É nesse instante queme dou conta que tinha esquecido de ver uma atriz para determinad participação especial. Isso é prioridade.
-Luciano, esquecemos de ver uma atriz para a ...
É nesse momento que se configura o abraço, não ficou colocado exatamente como, ou eu esqueci.
Mas ali então me abraçando e já tendo se expressado através daqueles cheiros no meu cangote, L. começa a dizer que ele vem se declarando e eu venho me fazendo de desentendida.
Tem um tom ressentido, mas não muito. Minha cabeça já se põe a repassar nossas interações, em busca de algum momento em que ele possa ter demostrado algo. Não me vem nenhum. Mas não descarto a possibilidade de simplesmente não ter percebido, mas o que me preocupa nesse momento é que a coisa está se organizando como um pedido de namoro que eu, por pura passividade, estou aceitando.
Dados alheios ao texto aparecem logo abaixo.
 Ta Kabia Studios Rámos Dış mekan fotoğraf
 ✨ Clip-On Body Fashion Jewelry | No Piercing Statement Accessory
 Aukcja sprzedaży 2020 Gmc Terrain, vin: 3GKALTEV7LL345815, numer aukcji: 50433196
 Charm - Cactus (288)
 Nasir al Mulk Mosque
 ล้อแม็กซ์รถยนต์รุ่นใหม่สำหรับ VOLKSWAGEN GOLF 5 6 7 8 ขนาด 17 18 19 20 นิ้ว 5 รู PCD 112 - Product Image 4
Nem saberia dizer porquê nao interrompo aquilo, o que seria o correto, uma vez nem medmo do abraço, por mais que wu gostasse de receber apoio, eu estava curtindo. O mais preciso seria dizer que não consigo me mobilizar para fazer nada a respeito por não conseguir acrescentar maaaaais uma coisa a grande quantidade de coisas que já tinha para lidar. A gravação. As coisas que faltavam, entre elas uma atriz. A festa com a Virgínia, que era daqui a pouco e nem banho eu tinha tomado.
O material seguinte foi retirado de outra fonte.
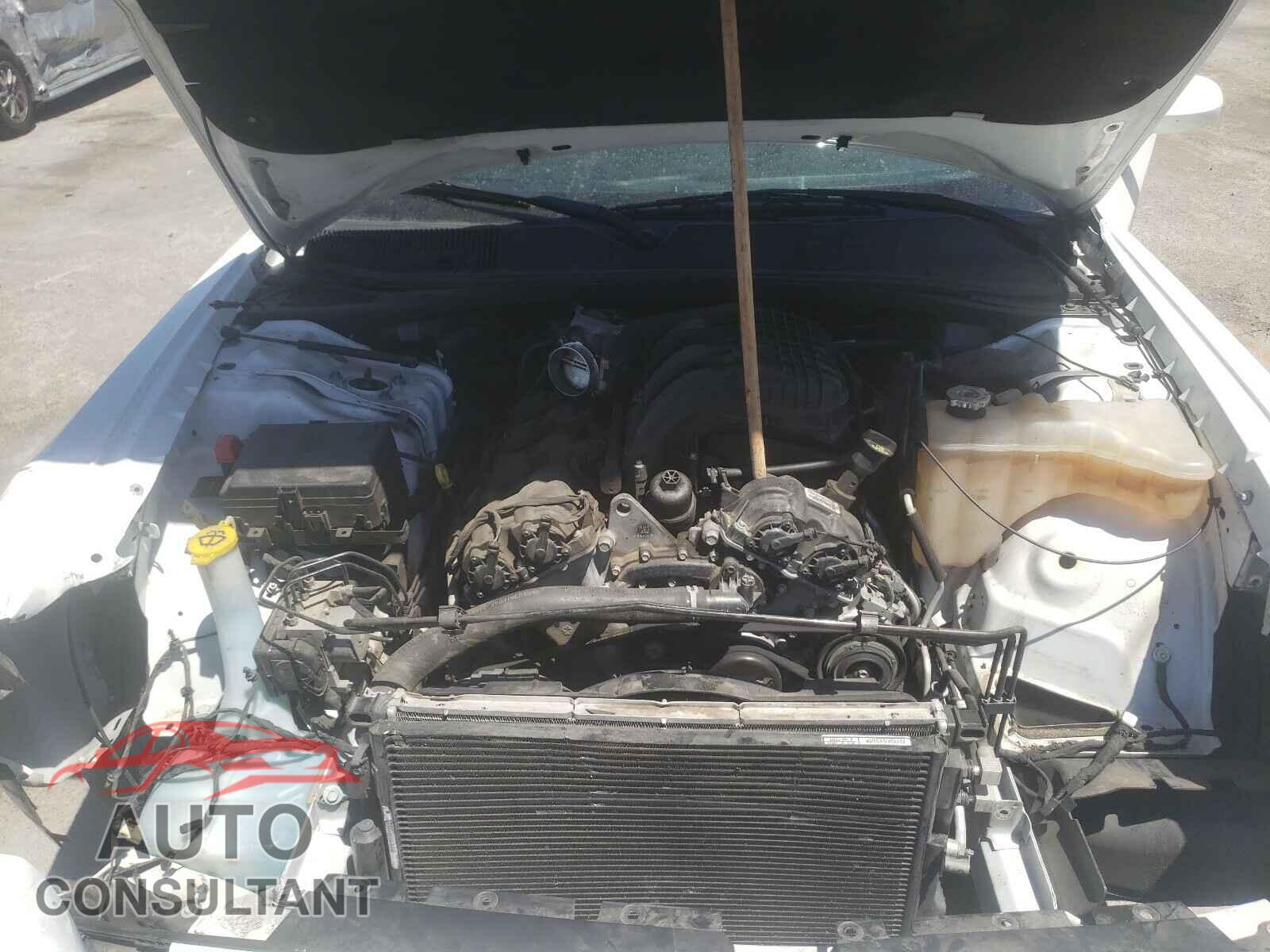 DODGE CHALLENGER 2018 - 2C3CDZAGXJH317738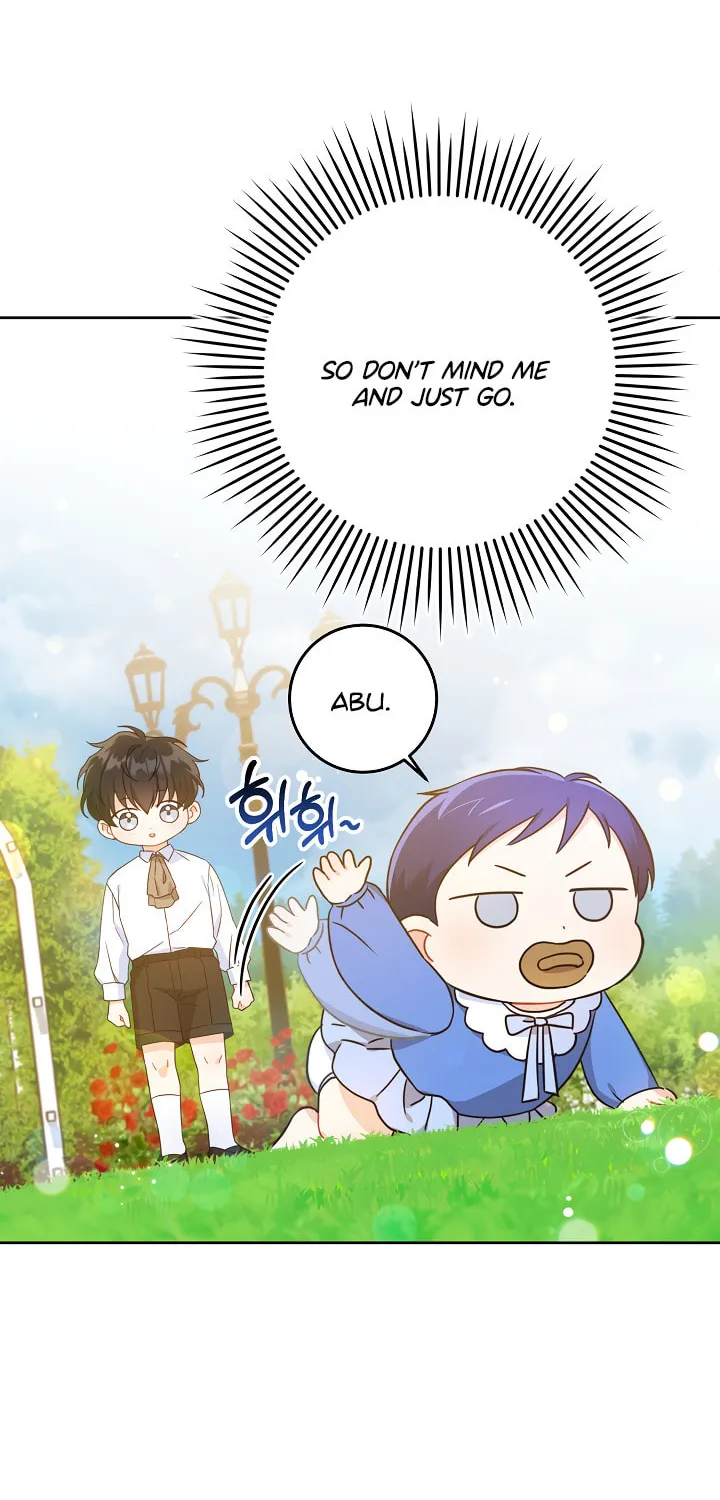 Gimme That Pacifier! Chapter 5 page 18 - 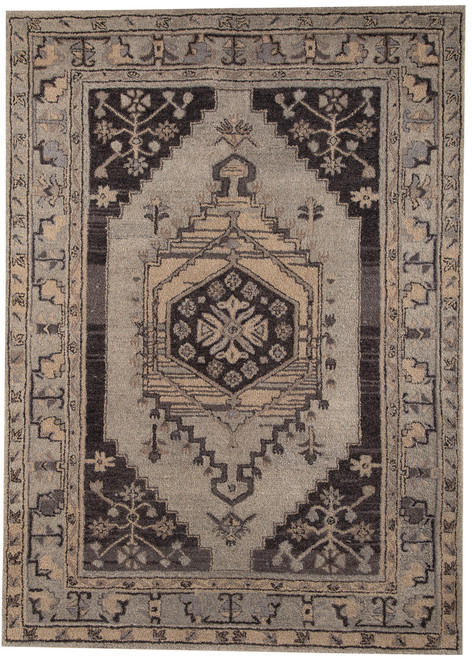 Harli Gray Rug  5' x 8'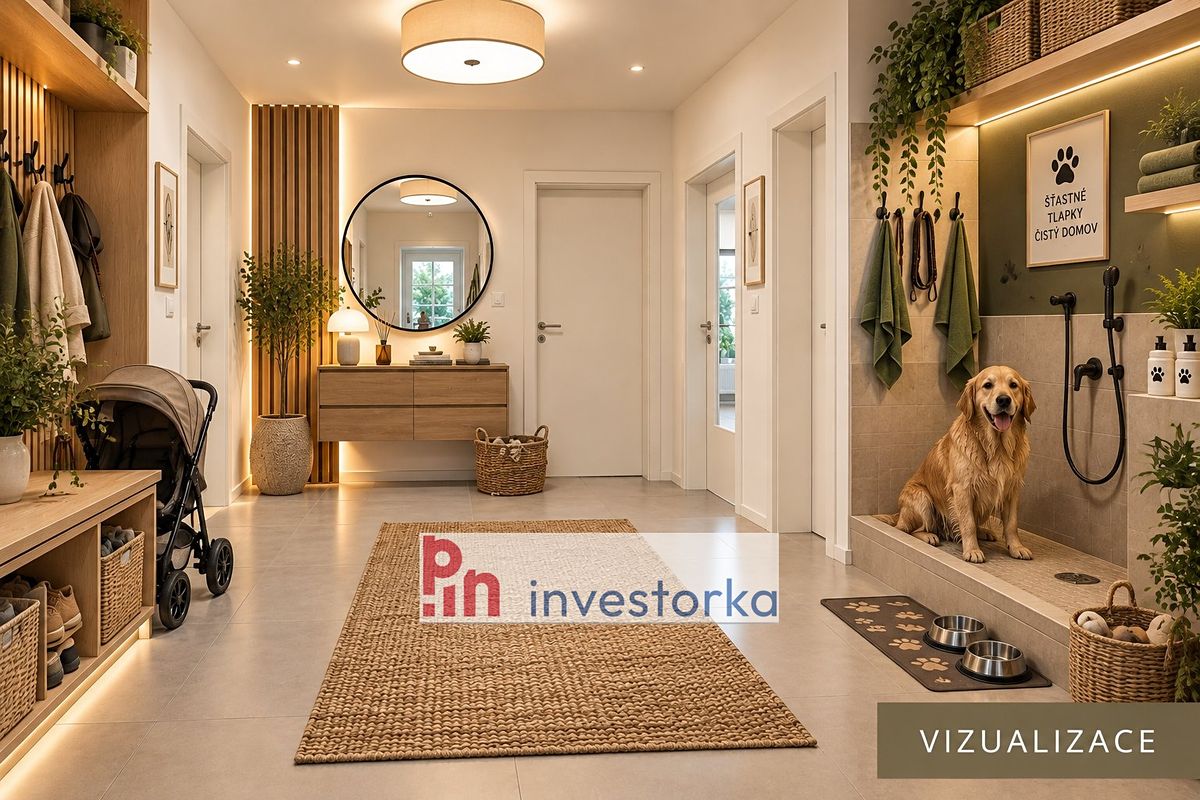 Prodej bytu 3+kk 83 m²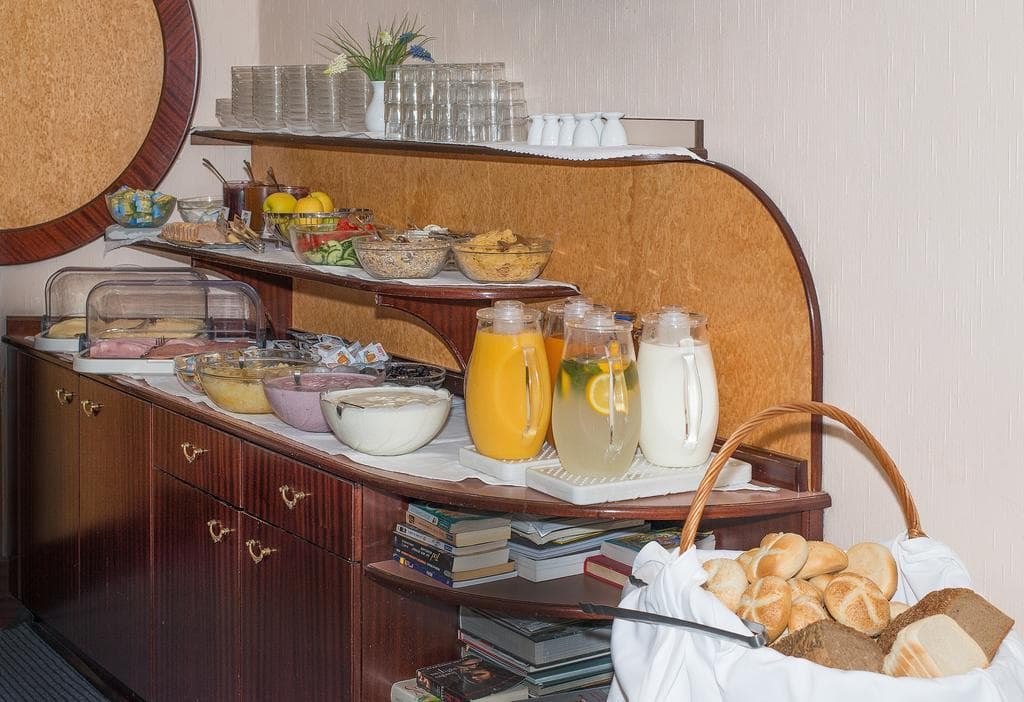 Pension Neuer Markt, General view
-Mas eu tenho que dizer algo, eu pensi. Mais um pouco vou ter que namorar com ele por obrigação.
No que estou nesse conflito, entra o A. Senta-se ao nosso lado e me vendo ali embolada com o L., naturalmente entende isso como algo em andamento entre nós. E suspirando, diz bem assim:
-Vamos ter um relacionamento a três?
Felizmente isso consegue me tirar da espécie de transe de inércia no qual estava.
- Não! digo. Não quero.
Não sou bruta. Mas isso encerra essa situação e estou então correndo ao quarto onde moro com a Virgínia para o que eu de fato quetia: ir na festa.
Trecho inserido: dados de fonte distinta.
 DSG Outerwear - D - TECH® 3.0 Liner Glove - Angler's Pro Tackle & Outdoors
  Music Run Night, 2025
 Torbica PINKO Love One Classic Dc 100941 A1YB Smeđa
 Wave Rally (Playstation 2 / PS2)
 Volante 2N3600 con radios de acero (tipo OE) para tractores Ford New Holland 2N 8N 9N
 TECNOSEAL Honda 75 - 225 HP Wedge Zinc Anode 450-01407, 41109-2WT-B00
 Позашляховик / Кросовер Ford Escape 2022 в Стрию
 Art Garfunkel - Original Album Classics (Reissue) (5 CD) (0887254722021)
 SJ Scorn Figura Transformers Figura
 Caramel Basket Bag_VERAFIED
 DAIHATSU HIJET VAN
Chegando lá ela está dormindo. Tem algo muito algo nisso dela estar dormindo. Eu venho tendo de novo tensão para dormir desde dia 23 dezembro e só agora estou harmonizando. Do lado de fora do quartoum homem me diz:
- Ela está dormindo.
Tem algo nisso. Entro pé ante pé para não fazer o menor ruído e ela não desperta. Tem algo com uma mala, wu me abaixo frente a uma mala aberta, acho que procurando minha saia de lantejoula azul, que nunca usei e me vem na cabeça que o Luciano, que irá a essa festa, iria usar uma saia, na verdade um cinto, de lantejoula azul idêntico.
- Vamos parecer um par de vasos mas não me importo. Vou usar minha saia.
Nesse momento a Virginia acorda. Senta-se na cama e fala comigo. Tem o ar meio bravo como se eu tivesse feito algo errado, não me ocorre o quê. Pergunto quanto tempo tenho até ela sair de carro para a festa, pois eu queria ir com ela. Ela ainda brava responde algo que me tranquiliza, dá tempo
- Então me espera que vou com você. Vou tomar banho e me arrumo rapidinho, digo.
- A fulana está tomando banho.
Era a terceira moradora ali do nosso quarto. Não importa, penso comigo. Nem que tenha que me arrumar em 5 minutos, vou nessa festa e nessa festa vou fazer o que quero, que é dançar.
E um último pensamento fecha o sonho. Sei que danço bem. Todos vão ficar supresos, inclusive o L. Esse pensamento não vem como vaidade e mais sim como somente através da dança eu mostrasse quem sou de verdade.